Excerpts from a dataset
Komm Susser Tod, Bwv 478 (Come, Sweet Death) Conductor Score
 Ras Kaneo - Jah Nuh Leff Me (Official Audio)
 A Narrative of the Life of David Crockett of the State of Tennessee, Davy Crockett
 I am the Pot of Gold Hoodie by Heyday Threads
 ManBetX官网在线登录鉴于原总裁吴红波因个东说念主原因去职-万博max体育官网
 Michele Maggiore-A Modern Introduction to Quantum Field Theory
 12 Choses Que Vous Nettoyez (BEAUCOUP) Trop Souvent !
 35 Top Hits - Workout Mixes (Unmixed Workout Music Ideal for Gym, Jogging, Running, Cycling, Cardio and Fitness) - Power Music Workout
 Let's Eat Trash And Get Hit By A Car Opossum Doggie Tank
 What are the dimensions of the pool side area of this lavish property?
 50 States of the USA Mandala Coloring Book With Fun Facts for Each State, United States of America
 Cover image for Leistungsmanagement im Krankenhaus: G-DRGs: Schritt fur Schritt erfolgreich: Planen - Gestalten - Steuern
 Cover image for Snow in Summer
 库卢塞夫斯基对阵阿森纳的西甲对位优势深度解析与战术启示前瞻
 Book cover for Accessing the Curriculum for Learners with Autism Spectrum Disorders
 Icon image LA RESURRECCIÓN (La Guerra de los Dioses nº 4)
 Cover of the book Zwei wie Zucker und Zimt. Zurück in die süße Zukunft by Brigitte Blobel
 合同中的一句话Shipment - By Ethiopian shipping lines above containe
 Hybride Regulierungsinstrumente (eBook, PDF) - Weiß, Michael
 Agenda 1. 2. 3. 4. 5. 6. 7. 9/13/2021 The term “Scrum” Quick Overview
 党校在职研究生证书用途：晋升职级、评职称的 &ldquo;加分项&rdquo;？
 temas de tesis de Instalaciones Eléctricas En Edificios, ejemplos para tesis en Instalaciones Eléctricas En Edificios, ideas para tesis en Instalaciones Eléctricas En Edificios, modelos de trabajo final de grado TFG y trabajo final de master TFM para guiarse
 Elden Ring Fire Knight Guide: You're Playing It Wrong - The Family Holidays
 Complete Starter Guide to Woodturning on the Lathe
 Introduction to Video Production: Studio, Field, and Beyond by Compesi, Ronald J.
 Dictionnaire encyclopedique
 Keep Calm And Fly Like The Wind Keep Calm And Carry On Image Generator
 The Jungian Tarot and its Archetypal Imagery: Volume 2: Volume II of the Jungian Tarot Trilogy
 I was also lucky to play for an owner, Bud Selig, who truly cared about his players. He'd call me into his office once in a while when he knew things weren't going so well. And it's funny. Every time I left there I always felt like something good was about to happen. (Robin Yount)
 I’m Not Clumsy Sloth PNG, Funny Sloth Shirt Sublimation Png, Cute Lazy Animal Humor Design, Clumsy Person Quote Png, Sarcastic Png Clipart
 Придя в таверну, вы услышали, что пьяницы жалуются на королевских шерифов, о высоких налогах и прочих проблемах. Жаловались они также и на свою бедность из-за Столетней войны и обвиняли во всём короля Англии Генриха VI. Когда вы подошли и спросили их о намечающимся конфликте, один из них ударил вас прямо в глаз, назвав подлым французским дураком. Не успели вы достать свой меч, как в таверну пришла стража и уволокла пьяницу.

> **Goal of the exercise**:
Would you copy, unchanged, the stretch of the records above that begins at the line containing "库卢塞夫斯基对阵阿森纳的西甲对位优势深度解析与战术启示前瞻" and ends at the line containing "The Jungian Tarot and", and only that?

> **Solution**:
 库卢塞夫斯基对阵阿森纳的西甲对位优势深度解析与战术启示前瞻
 Book cover for Accessing the Curriculum for Learners with Autism Spectrum Disorders
 Icon image LA RESURRECCIÓN (La Guerra de los Dioses nº 4)
 Cover of the book Zwei wie Zucker und Zimt. Zurück in die süße Zukunft by Brigitte Blobel
 合同中的一句话Shipment - By Ethiopian shipping lines above containe
 Hybride Regulierungsinstrumente (eBook, PDF) - Weiß, Michael
 Agenda 1. 2. 3. 4. 5. 6. 7. 9/13/2021 The term “Scrum” Quick Overview
 党校在职研究生证书用途：晋升职级、评职称的 &ldquo;加分项&rdquo;？
 temas de tesis de Instalaciones Eléctricas En Edificios, ejemplos para tesis en Instalaciones Eléctricas En Edificios, ideas para tesis en Instalaciones Eléctricas En Edificios, modelos de trabajo final de grado TFG y trabajo final de master TFM para guiarse
 Elden Ring Fire Knight Guide: You're Playing It Wrong - The Family Holidays
 Complete Starter Guide to Woodturning on the Lathe
 Introduction to Video Production: Studio, Field, and Beyond by Compesi, Ronald J.
 Dictionnaire encyclopedique
 Keep Calm And Fly Like The Wind Keep Calm And Carry On Image Generator
 The Jungian Tarot and its Archetypal Imagery: Volume 2: Volume II of the Jungian Tarot Trilogy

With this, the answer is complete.